Comment faire annuler une révocation d’un fonctionnaire de police ? La cour administrative d’appel de Bordeaux a rendu une décision illustrant une telle hypothèse en présence de trois vices de procédures privant l’intéressé de garanties.
La règle est la suivante:
« ’: « Le conseil de discipline (…) émet un avis motivé sur les suites qui lui paraissent devoir être réservées à la procédure disciplinaire engagée. A cette fin, le président du conseil de discipline met aux voix la proposition de sanction la plus sévère parmi celles qui ont été exprimées lors du délibéré. Si cette proposition ne recueille pas l’accord de la majorité des membres présents, le président met aux voix les autres sanctions figurant dans l’échelle des sanctions disciplinaires en commençant par la plus sévère après la sanction proposée, jusqu’à ce que l’une d’elles recueille un tel accord (…) ». Aux termes de l’article 10 du même décret : « Lorsque l’autorité ayant pouvoir disciplinaire a prononcé une sanction (…) de révocation alors que celle-ci n’a pas été proposée par le conseil de discipline à la majorité des deux tiers de ses membres présents, l’intéressé peut saisir de la décision, dans le délai d’un mois à compter de la notification, la commission de recours du Conseil supérieur de la fonction publique de l’Etat. (…) L’administration lors de la notification au fonctionnaire poursuivi de la sanction dont il a fait l’objet doit communiquer à l’intéressé les informations de nature à lui permettre de déterminer si les conditions de saisine de la commission de recours du Conseil supérieur de la fonction publique de l’Etat se trouvent réunies. ».
Un premier conseil de discipline n’avait pas réuni la majorité suffisante pour émettre un avis favorable à la sanction de révocation envisagée.
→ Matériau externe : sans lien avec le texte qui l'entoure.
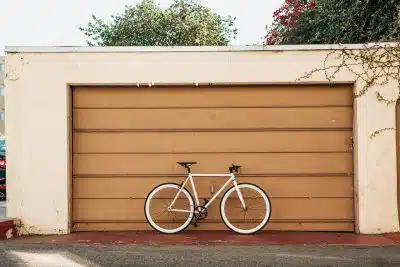 white bike leaning on brown roller shutter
Suite à une interprétation erronée des résultats du vote, lesquels ont fait apparaître qu’aucune majorité ne s’était dégagée, un nouveau conseil de discipline avait été réuni et a émis à la majorité un avis favorable à la révocation.
Ce n’est cependant pas la procédure à suivre rappelle le tribunal. En effet, dans cette hypothèse,
« il appartenait à l’administration de poursuivre la délibération précédente lors de la réunion du second conseil de discipline. En conséquence, il incombait à l’administration de convoquer le conseil de discipline dans la même composition, sauf impossibilité justifiée, lors de sa seconde séance et, au cours de celle-ci, de mettre aux voix les autres sanctions figurant dans l’échelle des sanctions disciplinaires en commençant par la plus sévère après la révocation, jusqu’à ce que l’une d’elles recueille l’accord de la majorité des membres présents.«
Or,
» la commission administrative paritaire siégeant en formation disciplinaire n’a pas été convoquée dans la même composition lors de sa seconde séance du 10 avril 2018. Il n’est pas établi au dossier, et n’est même pas allégué par l’administration, que le respect de cette formalité était impossible. Ce faisant, l’administration, qui était tenue de poursuivre la délibération engagée le 13 mars 2018, a commis une irrégularité.«
C’est la première irrégularité retenue. La seconde résulte de ce que le conseil de discipline ne pouvait, lors de la seconde séance régulièrement débattre de nouveau sur la proposition de révocation dès lors qu’aucune majorité, ainsi qu’il a été dit, ne s’était dégagée en faveur de cette sanction à l’issue de la première réunion. En s’abstenant de délibérer sur les autres sanctions moins sévères, prévues dans l’échelle des sanctions disciplinaires, le conseil de discipline a émis son avis dans des conditions irrégulières.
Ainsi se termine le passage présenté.